WORK TO BE COMPLETED: Quote only the lines that start at the line with "Snapshot of LadySexyBlond" and run to the end of the entries; omit the pictures.

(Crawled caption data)
◇ ◇ ◇ ◇

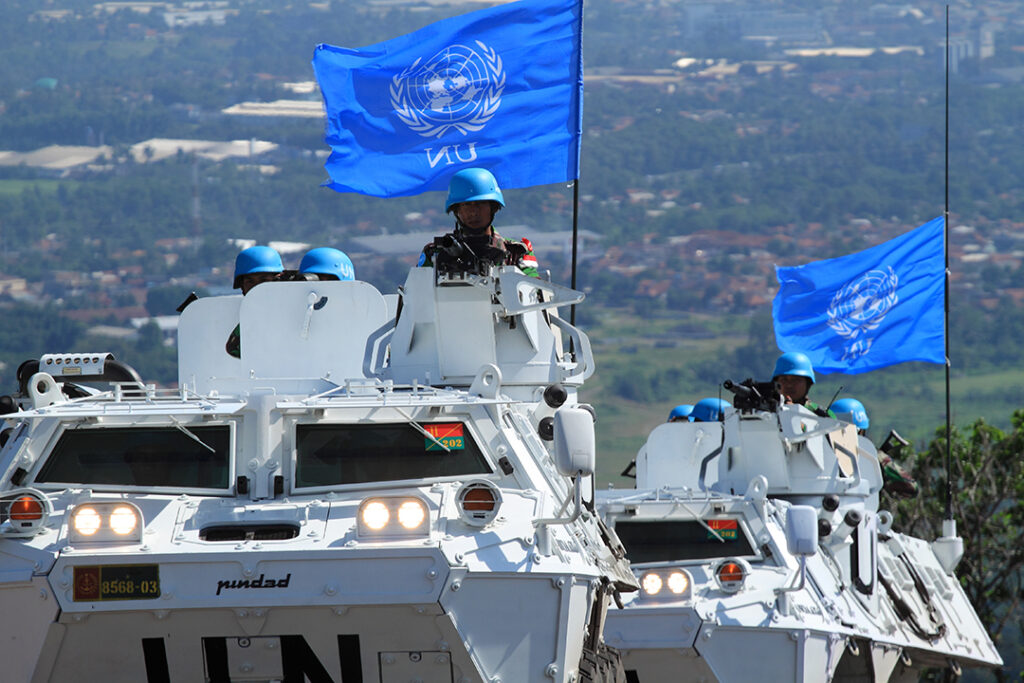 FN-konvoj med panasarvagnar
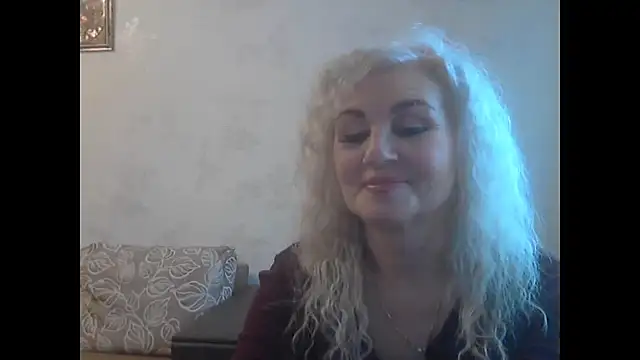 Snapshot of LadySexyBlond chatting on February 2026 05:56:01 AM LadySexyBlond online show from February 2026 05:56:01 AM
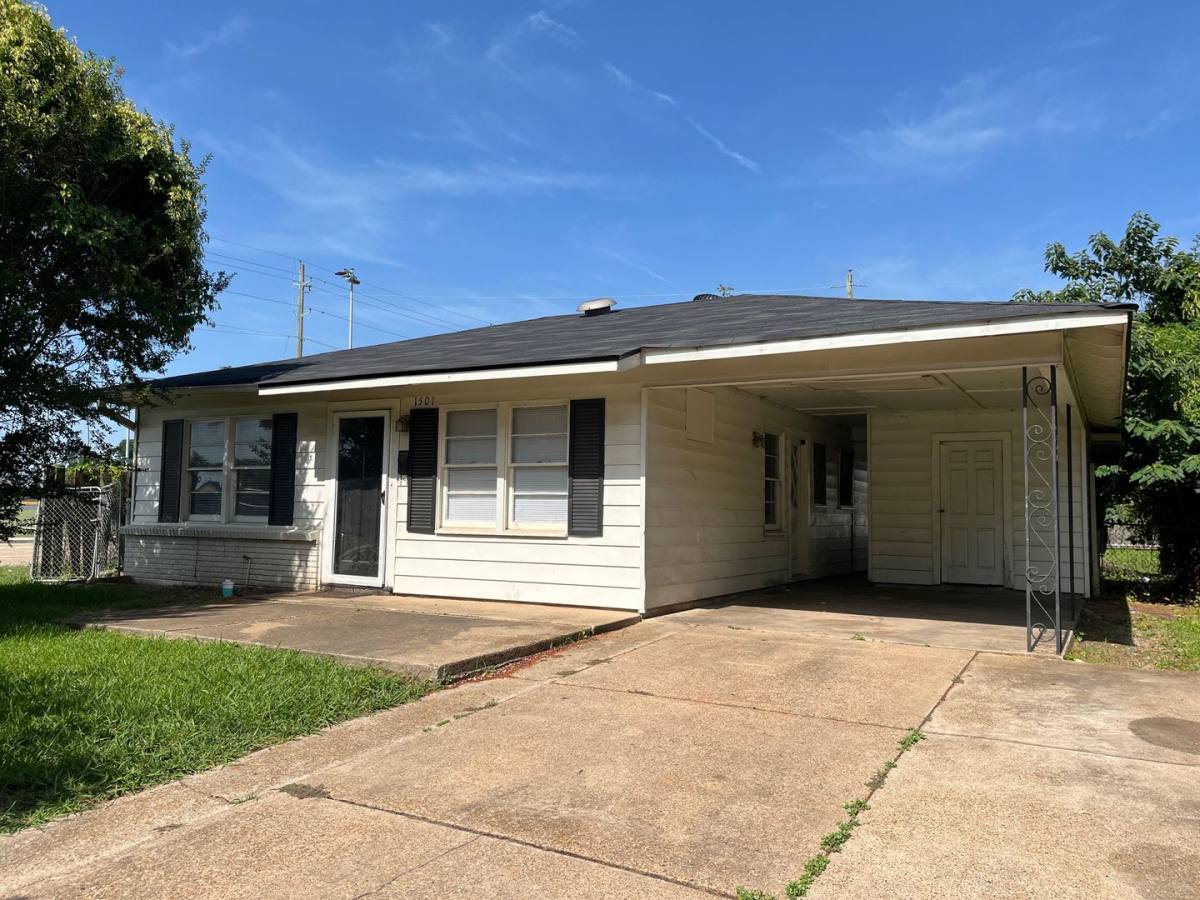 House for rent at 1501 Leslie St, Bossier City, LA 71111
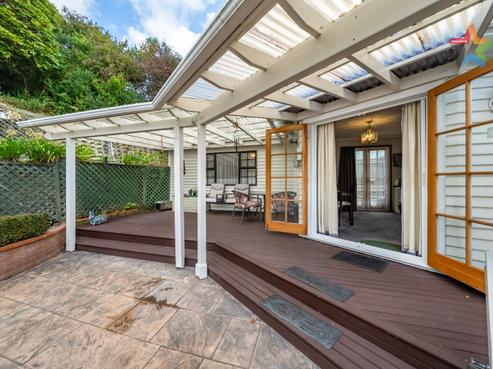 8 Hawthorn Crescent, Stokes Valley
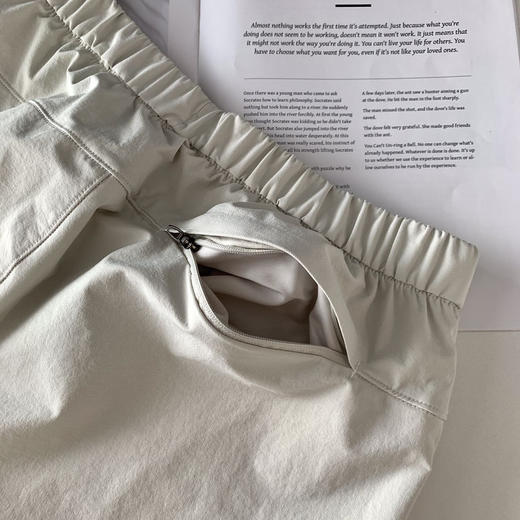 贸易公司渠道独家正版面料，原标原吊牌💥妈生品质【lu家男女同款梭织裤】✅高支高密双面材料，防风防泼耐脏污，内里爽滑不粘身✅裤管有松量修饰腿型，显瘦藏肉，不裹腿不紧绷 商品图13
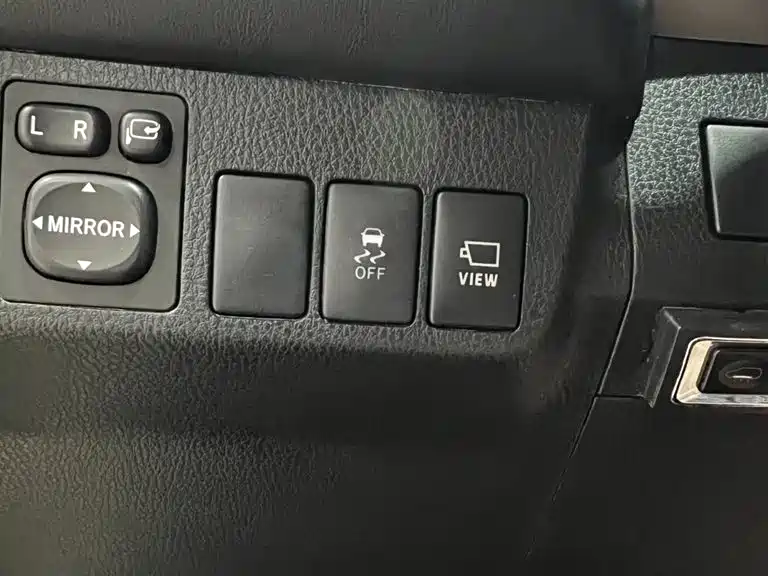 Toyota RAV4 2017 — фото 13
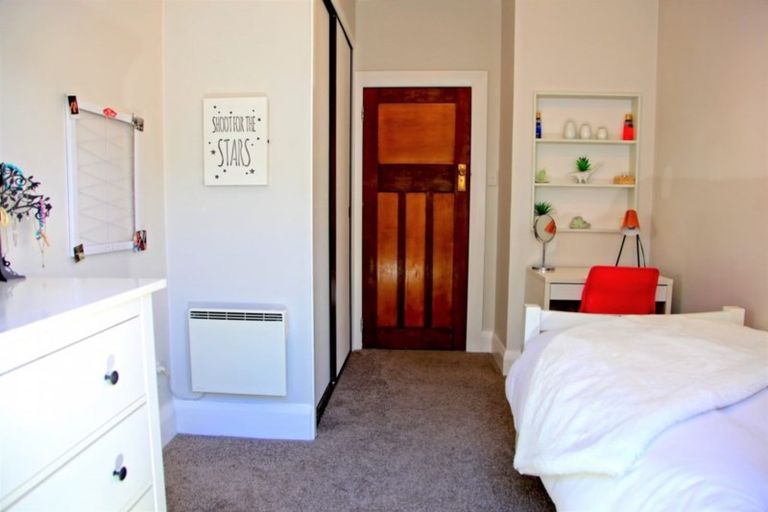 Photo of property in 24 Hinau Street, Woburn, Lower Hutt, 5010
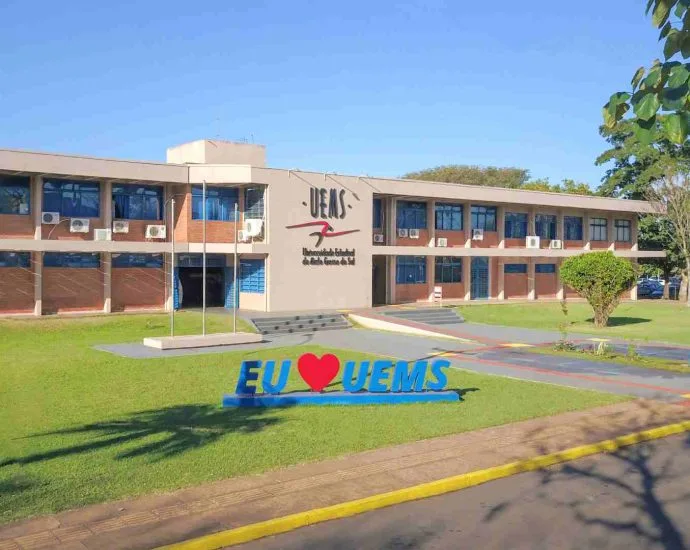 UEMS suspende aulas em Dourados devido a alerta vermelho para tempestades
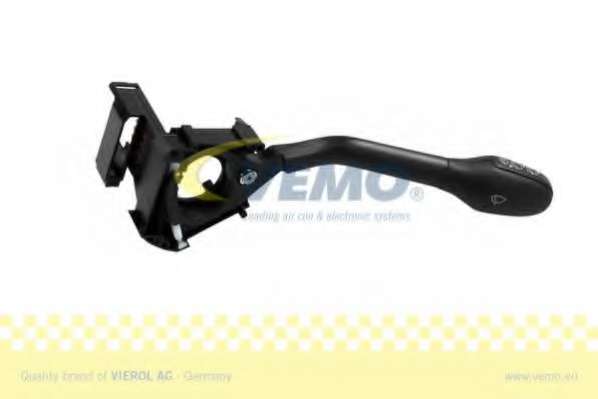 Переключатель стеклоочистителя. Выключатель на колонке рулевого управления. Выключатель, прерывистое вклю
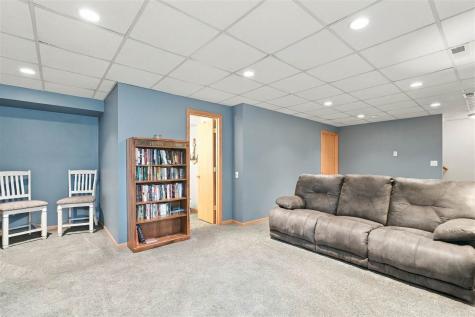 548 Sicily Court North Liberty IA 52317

◇ ◇ ◇ ◇

RESULT FOR THIS TASK:
 Snapshot of LadySexyBlond chatting on February 2026 05:56:01 AM LadySexyBlond online show from February 2026 05:56:01 AM
 House for rent at 1501 Leslie St, Bossier City, LA 71111
 8 Hawthorn Crescent, Stokes Valley
 贸易公司渠道独家正版面料，原标原吊牌💥妈生品质【lu家男女同款梭织裤】✅高支高密双面材料，防风防泼耐脏污，内里爽滑不粘身✅裤管有松量修饰腿型，显瘦藏肉，不裹腿不紧绷 商品图13
 Toyota RAV4 2017 — фото 13
 Photo of property in 24 Hinau Street, Woburn, Lower Hutt, 5010
 UEMS suspende aulas em Dourados devido a alerta vermelho para tempestades
 Переключатель стеклоочистителя. Выключатель на колонке рулевого управления. Выключатель, прерывистое вклю
 548 Sicily Court North Liberty IA 52317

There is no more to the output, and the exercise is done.